Il punto fondamentale è che il calore degli oceani è aumentato a livelli record negli ultimi decenni a causa dei cambiamenti climatici provocati dall'uomo, e il motivo è semplice: gli oceani, che coprono più del 70% della superficie terrestre, assorbono la maggior parte del calore in eccesso. E le ondate di calore marine, secondo le analisi di Climate Central, sono da 400 a 800 volte più probabili in un contesto di cambiamento climatico.
Radfar ha stimato che Helene, grazie all’ondata di calore marino in corso, aveva l'80% di probabilità di subire una rapida intensificazione, e per Milton questo processo è stato ancora più evidente. Secondo i ricercatori infatti questo aveva il 150% di probabilità in più di intensificarsi rapidamente durante un'ondata di calore.
Pioggia torrenziale (anche) di disinformazione
Questa settimana Milton ha letteralmente lasciato gli scienziati a bocca aperta: il meteorologo John Morales ha iniziato a soffocare durante la trasmissione parlando della rapida evoluzione del fenomeno, la scienziata Jennifer Francis ha definito “folle” l'improvviso calo di pressione della tempesta e il meteorologo Eric Webb ha detto che il tasso di intensificazione è “a dir poco leggendario”, per citarne alcuni.
Allo stesso tempo, professionisti del settore negli Stati Uniti (e non solo) hanno lanciato messaggi di denuncia circa la disinformazione sistematica su queste tematiche che caratterizza e ha caratterizzato la comunicazione circa il cambiamento climatico e i suoi effetti.

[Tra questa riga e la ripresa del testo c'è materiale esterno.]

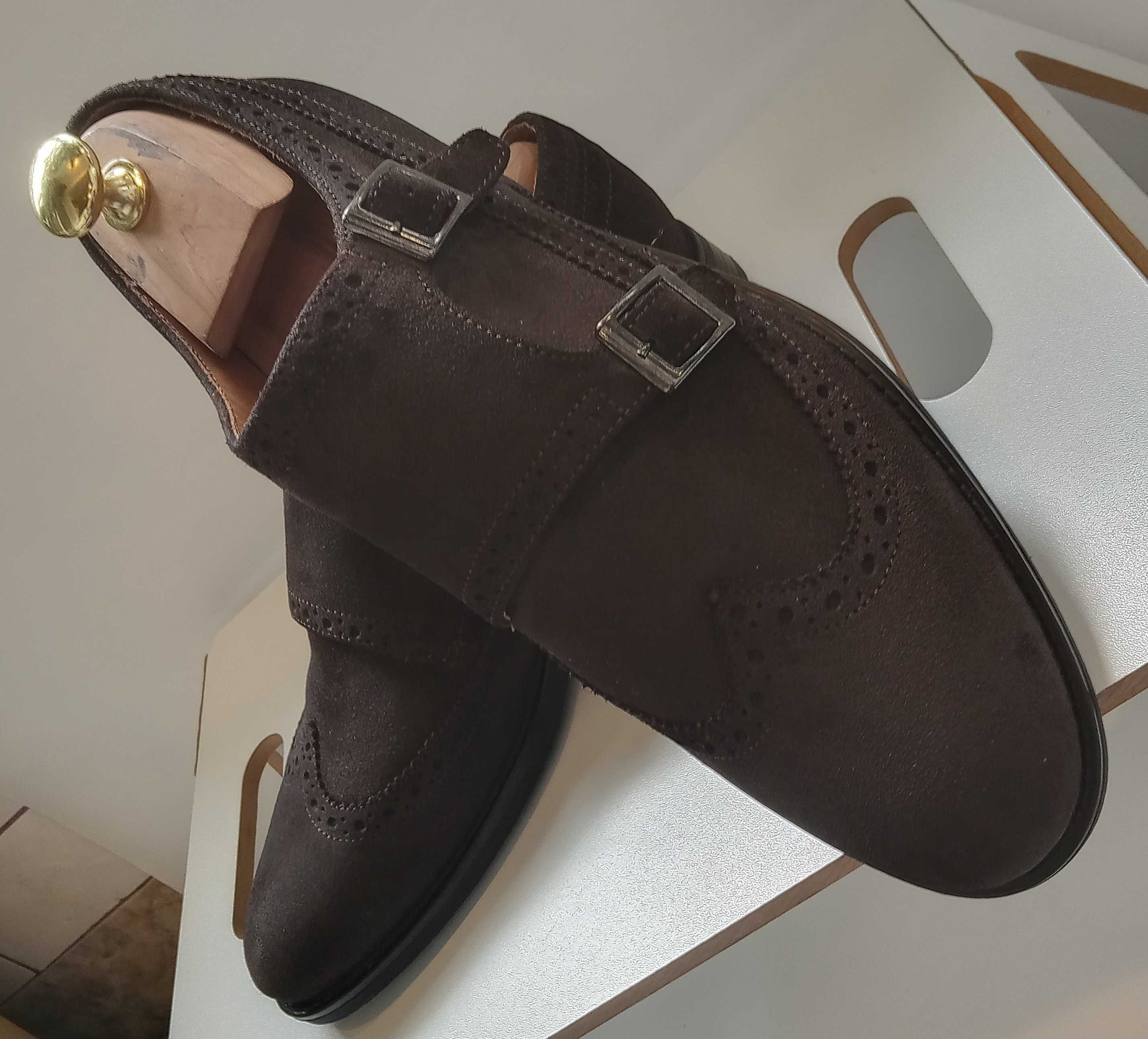 Pantofi monk premium Gino Rossi 41 piele naturala moale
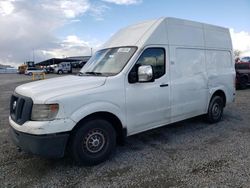 Salvage trucks for sale at Sacramento, CA auction: 2014 Nissan NV 2500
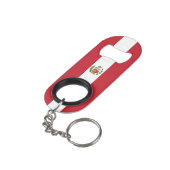 Porte-clé Décapsuleur Drapeau du Pérou (angle arrière)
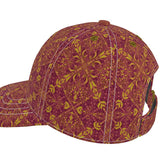 Majestic Red Yellow Six Panel Baseball Cap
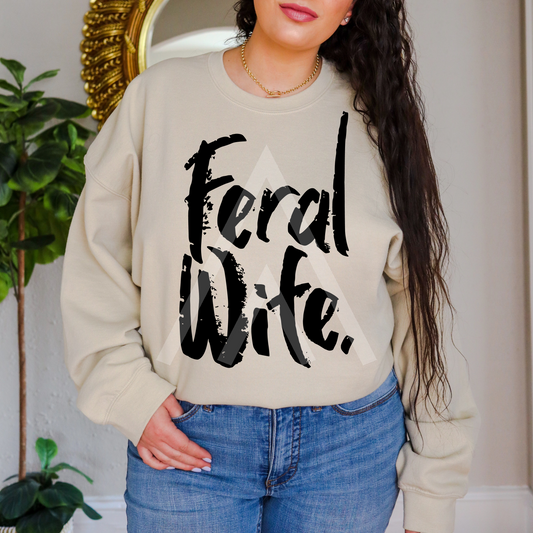 Graffiti Feral Wife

Ricercatori di tutto il globo hanno passato decenni ad avvertire che il surriscaldamento globale avrebbe portato a un aumento di eventi meteorologici estremi come Milton, ma la diffusione di queste informazioni è stata complessa e poco efficace in un ambiente mediatico frammentato e caratterizzato da aggressive ondate di disinformazione.
“Questa è di gran lunga la peggiore disinformazione (per un evento meteorologico) che abbia mai visto nella mia carriera”, ha dichiarato Katie Nickolaou, meteorologa televisiva di lunga esperienza per Cbs, commentando come i social media siano diventati un ambiente ostile per gli scienziati.
Morales, fondatore di ClimaData, ha detto che è difficile mettere in guardia le persone da eventi meteorologici estremi quando queste credono così profondamente nelle loro esperienze di vita: “C'è un peso immenso nel pensare: “Beh, vivo qui da 30 anni e non è mai successo niente del genere”. È nella natura umana pensare così, ma questa mentalità è costata molte vite nel corso degli anni”.